O produtor brasileiro Julio Ludemir ajudou a captar esse espírito e a descobrir talentos organizando “batalhas de passinho” no início dos anos 2010. Nestes eventos, os jovens mostravam os seus passos perante um júri que selecionava os vencedores.
O festival “Out of Doors”, no Lincoln Center de Nova York, acolheu um desses duelos em 2014, dando ao público americano uma amostra dos passos brasileiros. O Passinho ultrapassou as fronteiras das favelas e se desvinculou das festas de funk, muitas vezes associadas ao crime. Os dançarinos começaram a aparecer na televisão convencional e ganharam destaque durante a cerimônia de abertura dos Jogos Olímpicos Rio 2016.

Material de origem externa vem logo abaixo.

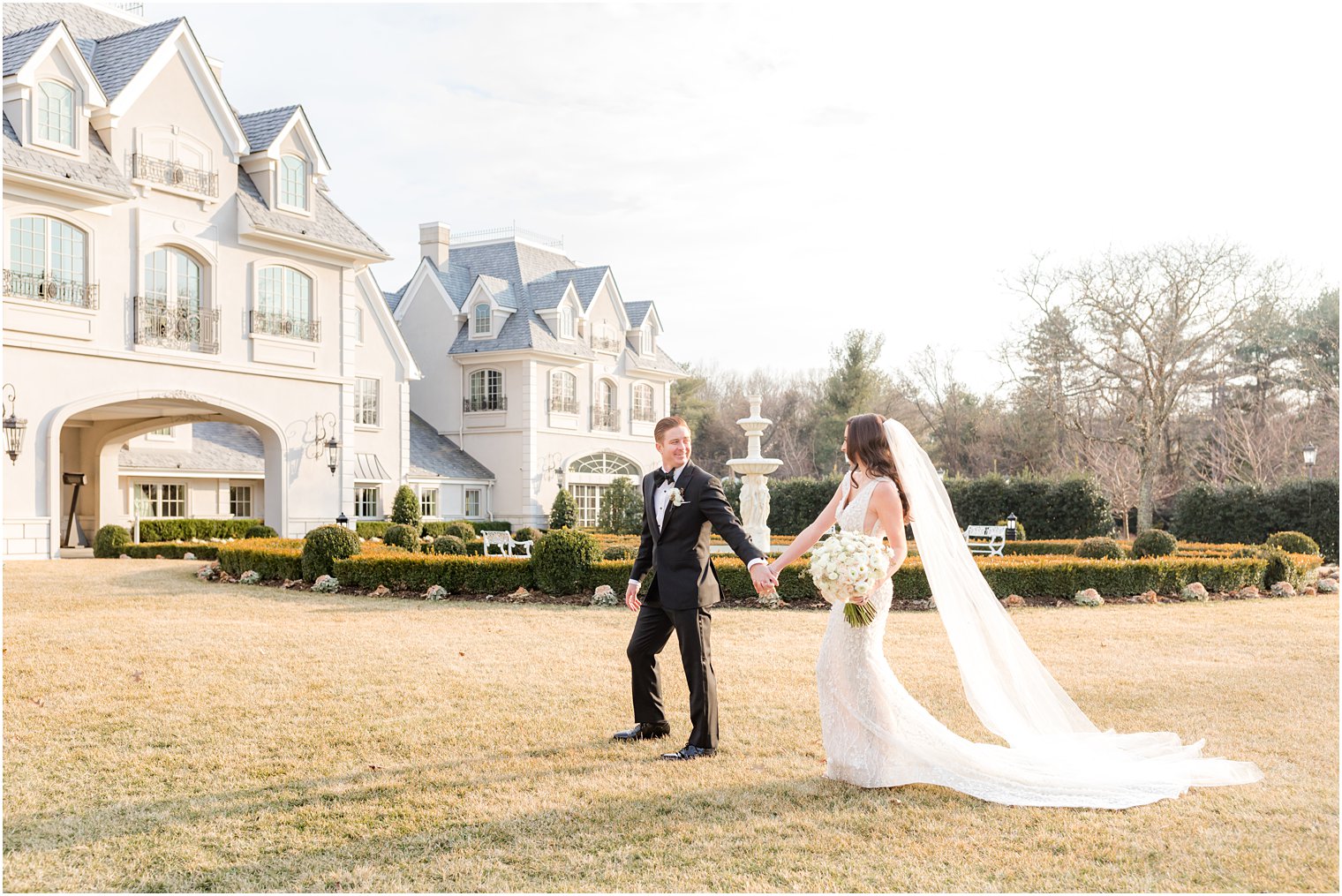 bride and groom hold hands walking on lawn before Park Chateau winter wedding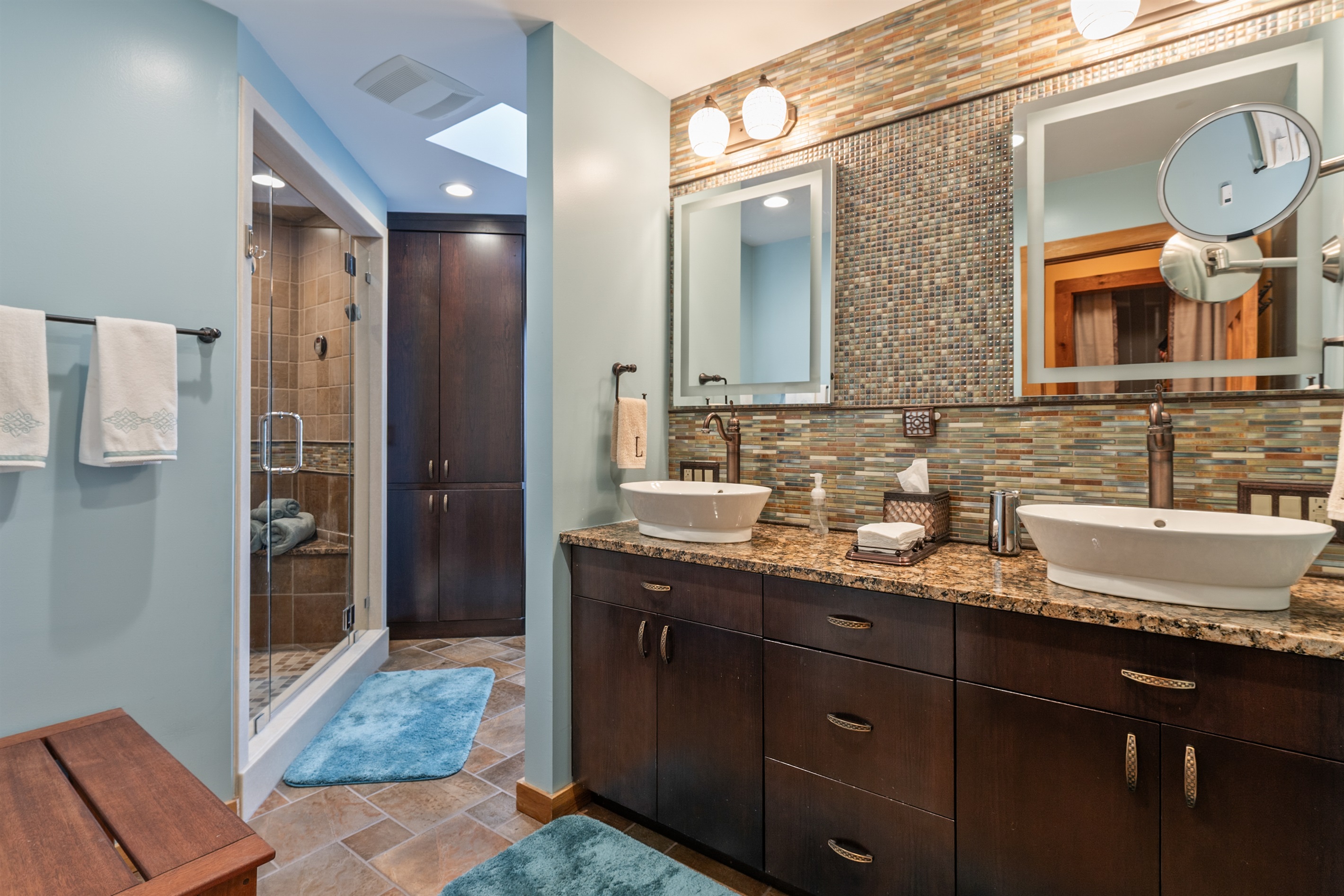 Luxurious double vanity bathroom with granite counters and warm lighting.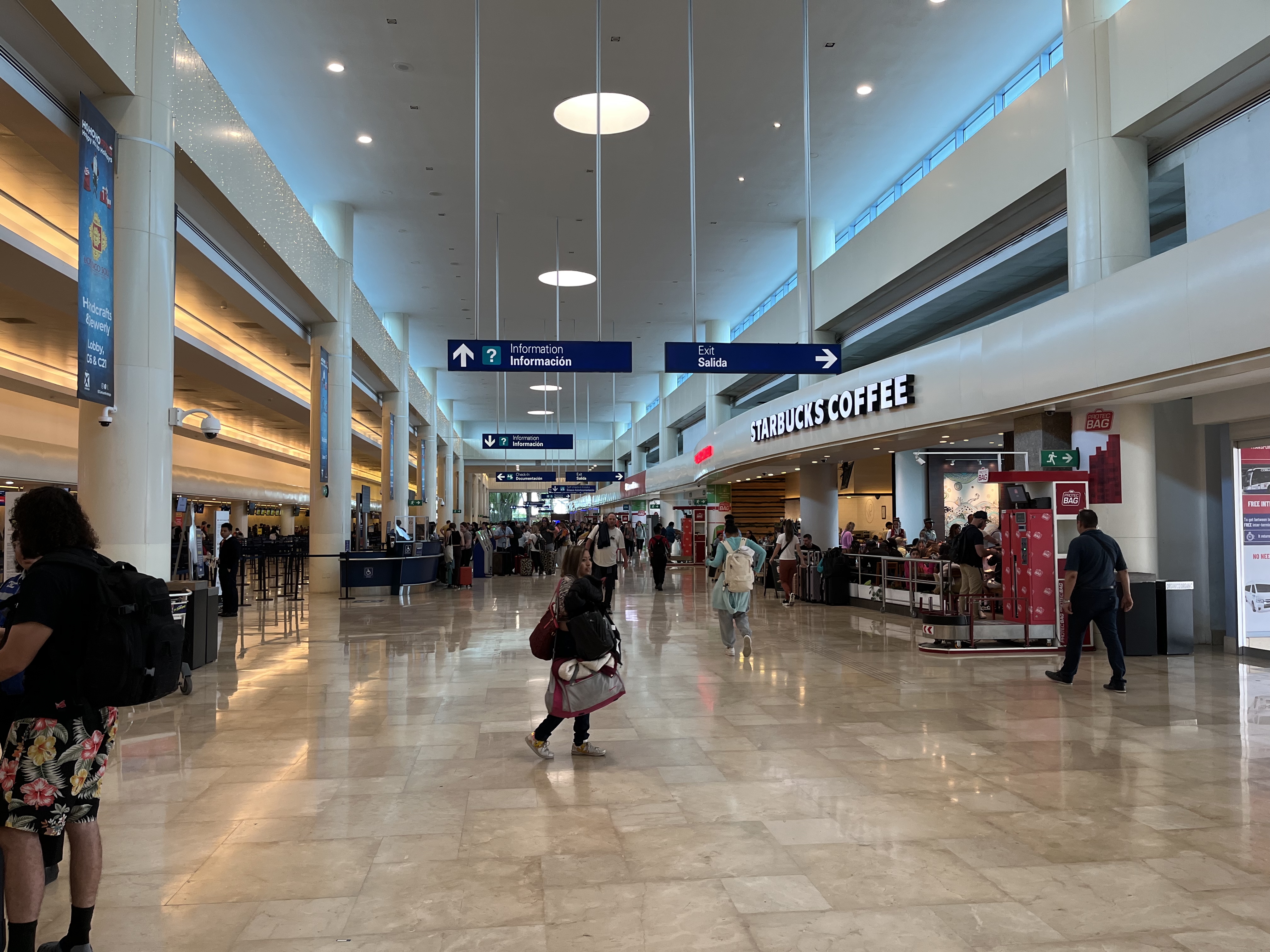 Passengers in a terminal at Cancún airport, part of Mexican airport traffic figures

Ludemir descreve o estilo como uma expressão da “antropofagia” brasileira, o conceito modernista de canibalizar elementos de outras culturas para produzir algo novo.
“O passinho é uma dança que absorve referências de todas as danças. É um cruzamento de influências culturais absorvidas pelos jovens da periferia enquanto se conectam com o mundo através das redes sociais”, afirma.
A dança também se tornou um meio para os jovens se movimentarem sem problemas entre comunidades controladas por gangues de traficantes rivais. Além de oferecer às pessoas da favela uma nova saída, longe da vida no crime ou do sonho muito comum de se tornar uma estrela de futebol.
O passinho foi declarado Patrimônio Estadual pela Assembleia Legislativa do Rio, via uma lei proposta pela deputada estadual Verônica Lima. A lei foi aprovada por unanimidade e sancionada no dia 7 de março. Em nota, Verônica Lima disse ser importante auxiliar a “descriminalizar o funk e as expressões artísticas dos jovens” nas favelas.
Ludemir diz que o reconhecimento desse patrimônio consolidará certamente a primeira geração de dançarinos de passinho como uma inspiração para os jovens das favelas.
Entre eles está Pablo Henrique Gonçalves, dançarino conhecido como Pablinho Fantástico, que venceu uma batalha de passinho em 2014 e criou um grupo chamado OZCrias, com quatro dançarinos nascidos e criados na Rocinha, a maior favela do Rio, assim como ele. O grupo ganha dinheiro se apresentando em festivais, eventos, teatros e programas de TV, e agradeceu o reconhecimento do patrimônio.
Outro grupo de dança é o Passinho Carioca, localizado no complexo de favelas da Penha, do outro lado da cidade. Uma de suas diretoras, Nayara Costa, disse em entrevista que veio de uma família onde todos estavam envolvidos com o tráfico de drogas. O passinho a salvou desse destino e agora ela o utiliza para auxiliar os jovens, além de ensinar qualquer pessoa interessada em aprender.
“Hoje dou aulas para pessoas de 60 anos, o passinho é para todos”, diz Costa. “O passinho, tal como mudou a minha vida, vai continuar a mudar a vida dos outros”.